Thursday 15 May 2014

Staging translated plays: appendix

[mostly a description of what I'm talking about extracted from David Barnett's briliant chapter Performing Dialectics in an Age of Uncertainty, or: Why Post-Brechtian ≠ Postdramatic in Postdramatic Theatre and the Political]

Oddly, I'd had the piece which I wrote for the Guardian in my mind for a while before they asked me to write something on precisely that subject. The impetus for that, however, had come frm the book I'm currently reading (for “reading” read “dipping in and out of when I get a moment”), Postdramatic Theatre and the Political.

I had been thinking I'd either wait until I reviewed the book, or else would use this below passage in blog-bound version of the piece that ended up being written for the Guardian. But now it seems to make sense to just publish it as a really excellent example of what I mean by “a different way of approaching the text”. The extract is from David Barnett's chapter, Performing Dialectics in an Age of Uncertainty, or: Why Post-Brechtian ≠ Postdramatic.

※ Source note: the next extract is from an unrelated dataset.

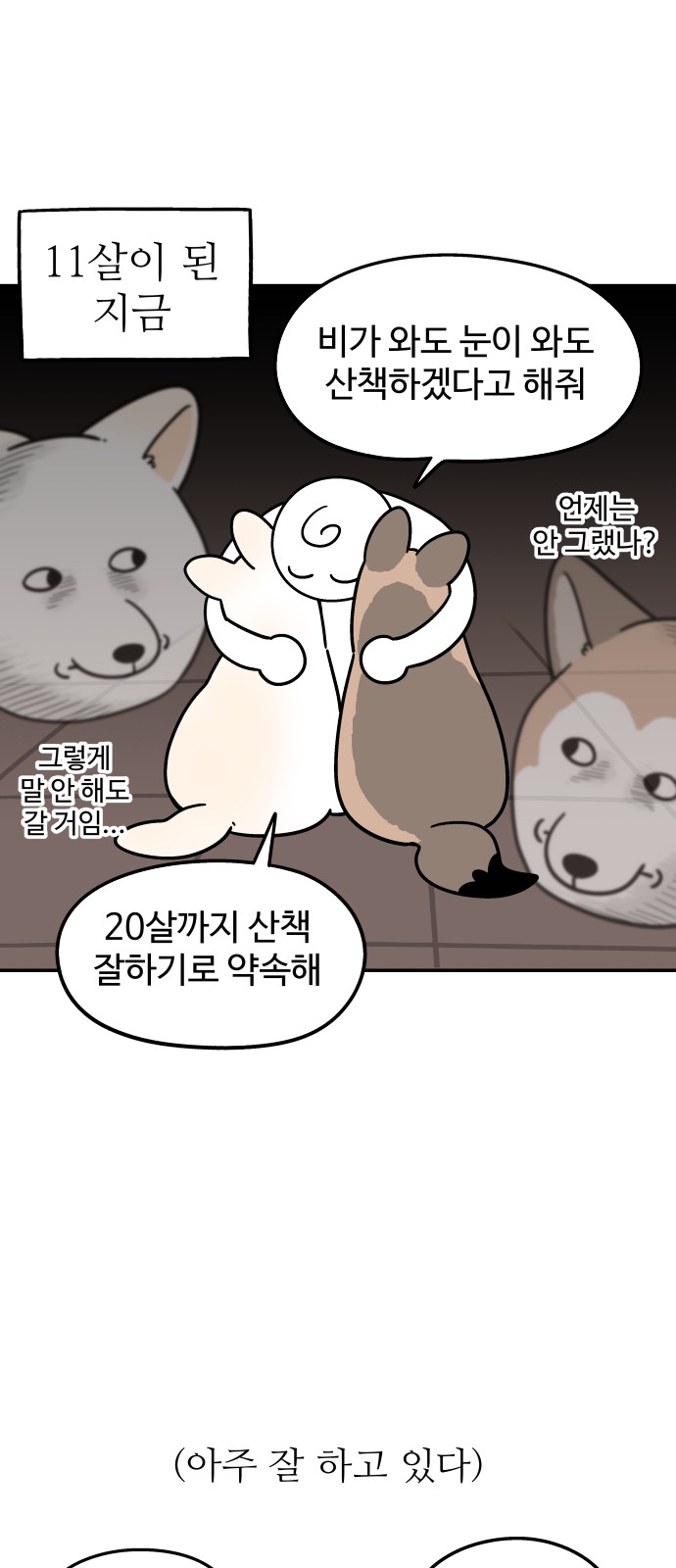 17 페이지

I've skipped straight ahead to the description (and the one bit of bold is mine):

I shall first discuss a production of [Brecht's Mr]Puntila [and his man Matti] at the Berliner Ensemble, directed by Einar Schleef, which premièred on 17 February 1996, as an example of a post-Brechtian reinterpretation of the play...

Heiner Müller invited Einar Schleef to direct Puntila at the BE, something which initially left him nonplussed. Schleef was well known, at the BE at least, as the director of Wessis in Weimar (Westerners in Weimar) in 1993, a brutal confrontation between stage and auditorium in which large choruses bellowed texts on the subject of German reunification. His aggressive choral theatre appeared to have little in common with the dialectical humour of Puntila until he went to the archive and read one of Brecht’s first versions, written in 1940, that is, shortly after the outbreak of the Second World War. Puntila was inspired by the stories of Hella Wuolijoki, but at this crucial historical phase Brecht also looked back to the end of the First World War in Finland.

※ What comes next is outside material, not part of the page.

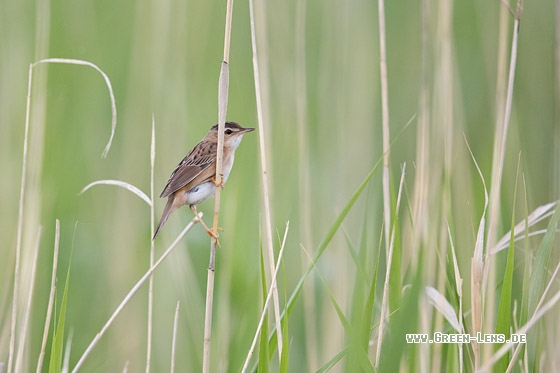 Streifenschwirl - Copyright Mathias Putze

At this time, the class struggle manifested itself in a bloody civil war between left-wing forces inspired by revolutionary Russia and right-wing militarists from Finland, the Protection Corps, who prevailed. Brecht’s early drafts, then, emphasised Finland’s traumatic and class-riven past and were thus no longer that light; by 1948, these references were much reduced.

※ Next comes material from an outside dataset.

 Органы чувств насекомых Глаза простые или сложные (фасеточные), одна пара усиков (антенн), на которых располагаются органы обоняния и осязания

Franz Wille notes: ‘Instead of the knowing comic look back to the victory over the disasters of war and Hitler in 1948–49, [one finds] the look forward from 1940 into the inescapable catastrophe’. Wille’s reading points to Schleef’s materialist aesthetics: for all the formal precision and abstraction in performance, which I will discuss presently, the starting point was concrete and historical. As Ute Scharfenberg notes: ‘Schleef ’s discovery of the play’s “language of the exile” offers him an important point of departure for his production’s rationale’. That is, the earlier version allowed Schleef the opportunity to disorientate the audience by uncovering impulses later expunged and making them the basis for a new approach to the material.

In addition, Schleef was interested in the treatment of the female characters in the earlier version. He was keen to counter Eva’s relegation as a mere appendage to the male leads in the later version and he contended that Eva was not always an Aunt Sally figure in the play: ‘Eva is a Miss Julie with high ambitions for her own education. [...] But Brecht turned all the women into idiots’. Schleef sought to reintegrate the female characters; he noted the importance of Puntila’s housekeeper, Hanna, in the earlier version and viewed her as a concrete antagonist to her master. He also insisted that the two other female members of Puntila’s staff , Fina and Laina, were on stage more frequently, oft en observing the action and maintaining their presence.

The other important change of emphasis, from a textual point of view, was the role of Matti, the usual antagonist. Gunther Heeg writes that this conflict was in fact a convenient way of demonstrating proletarian superiority in the later version: ‘The dialectic of master and servant is replaced by the cooperation between the author and a character who represents him in the play: Mr Brecht and his dramaturgical lackey Matti.’ Matti’s superiority is ideological and loads the dialectic in favour of the oppressed underdog. A part of the post-Brechtian impulse is a desire to retain the dialectic while opening it up in all its complexity beyond the reach of ideological pressures. Schleef thus underplayed and re-functioned Matti’s role as a privileged character. Eva and Hanna became more central figures, while Matti assumed a wholly different role.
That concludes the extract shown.